Data Engineer
Full time
Seven Bridges Centralna Srbija, Serbia (201-500 employees)
About the job
At Seven Bridges we are building the most advanced cloud computing platform for genomics data analysis. Our team and product enable scientists to analyze genomic data faster and more efficiently than ever, so they can focus on making progress in genomics and personalized medicine. Through our collaboration with the largest genomics projects, we connect the world’s biomedical information to enable the most efficient analysis at scale. We are a global company with offices in the US, UK, Serbia and Turkey, with roughly 300 employees and rapidly growing!
Do you want to help us engineer a healthier tomorrow, together?
As a member of our Engineering team you will have the opportunity to extend our platform and be involved in building the infrastructure required for optimal extraction, transformation, and loading of data from a wide variety of data sources using SQL and various ‘big data’ technologies. Seven Bridges is a ‘Remote Friendly’ company. The successful candidate for this position could be remote within Serbia, or in Belgrade / Novi Sad offices.
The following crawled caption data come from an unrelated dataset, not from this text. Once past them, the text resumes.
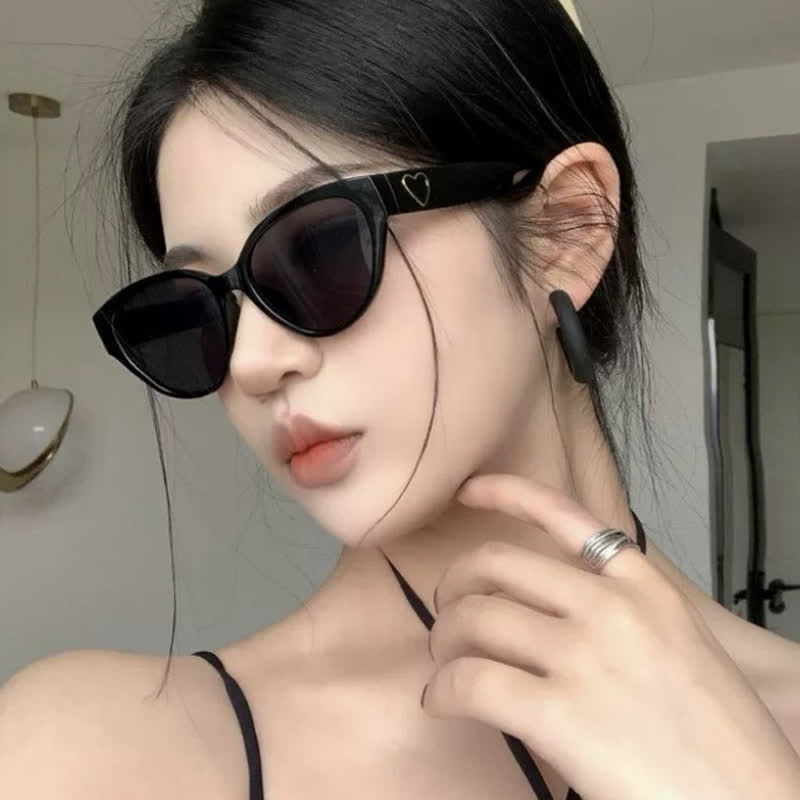 Spykay™ SG60822 Hipster Heart Temples Cat-Eye Polarized Sunglasses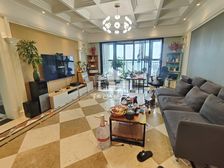 青秀万达公馆 豪宅 180平4居 南北向豪华装修 拎包入住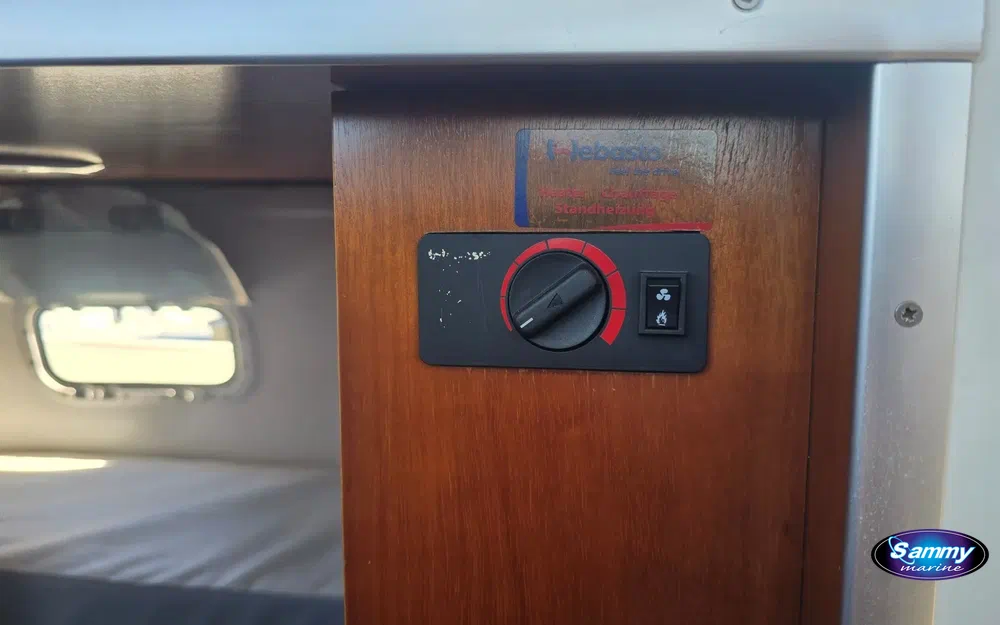 slider 19 Beneteau Antares Serie 9 Limited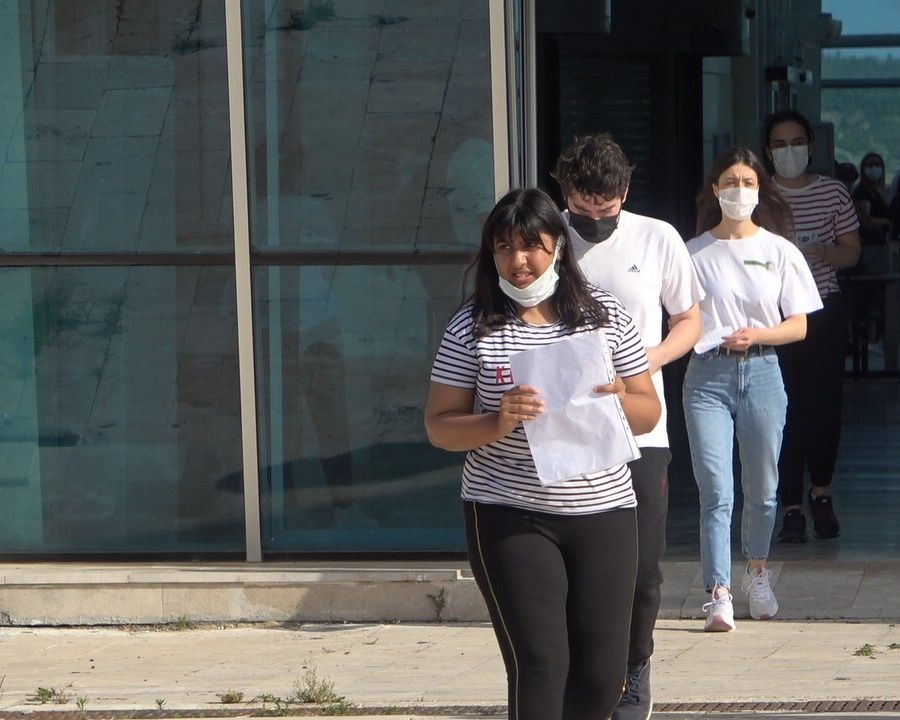 YKS öncesi yurttan manzaralar... Sınava yetişebilmek için zamanla yarıştılar 27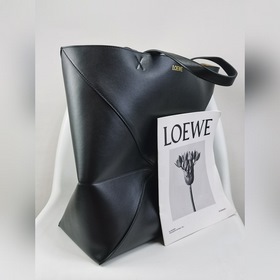 Оригинальная кожа LOEWE Модель 1761 Большой размер Большая сумка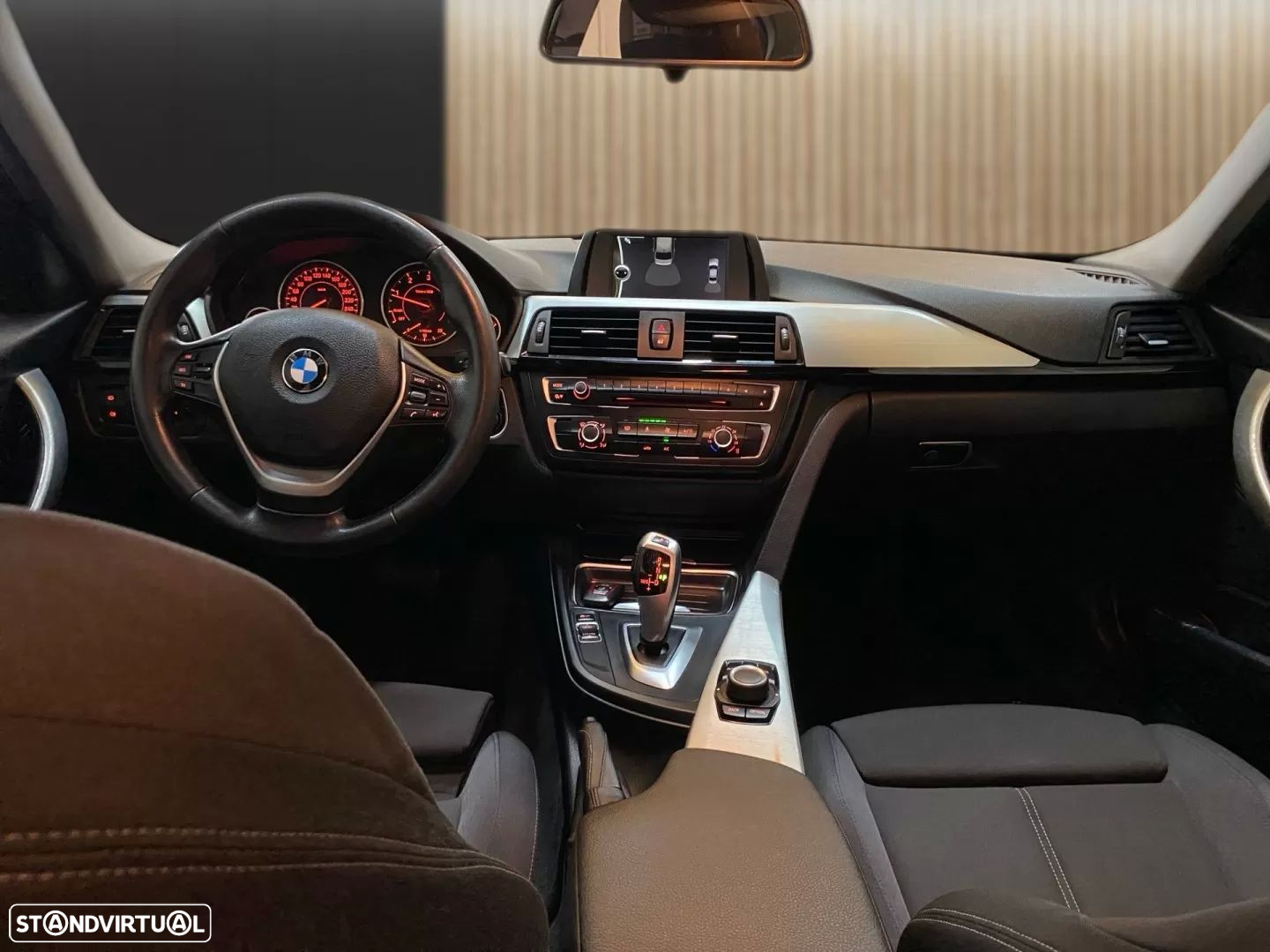 BMW 320 d Auto Line Sport - 8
Some of the problems we are solving are:
- Data wrangling and exploration; analyzing and organizing raw data
- Working with our bioinformaticians on developing tools and pipelines for structured transformation of rich datasets
- Designing schemas and data modeling
- Query optimizations
Do you have what it takes?
- B.S., M.S. or Ph.D. degree in Computer Science or a related technical field
- At least 3 years of professional experience working with data
- Experience with relational and non-relational databases
- Experience with SQL
- Experience in the design, optimization and support of big data ecosystems
- Experience with Python and/or Java programming languages
- Experience working with one or more of the following(or related) technologies: Snowflake, Amazon Redshift, Amazon Athena, Google BigQuery, Azure, Synapse.
- Experience using RCFile, Apache ORC and/or Apache Parquet
- Experience with cloud service providers like AWS, GCP, Azure…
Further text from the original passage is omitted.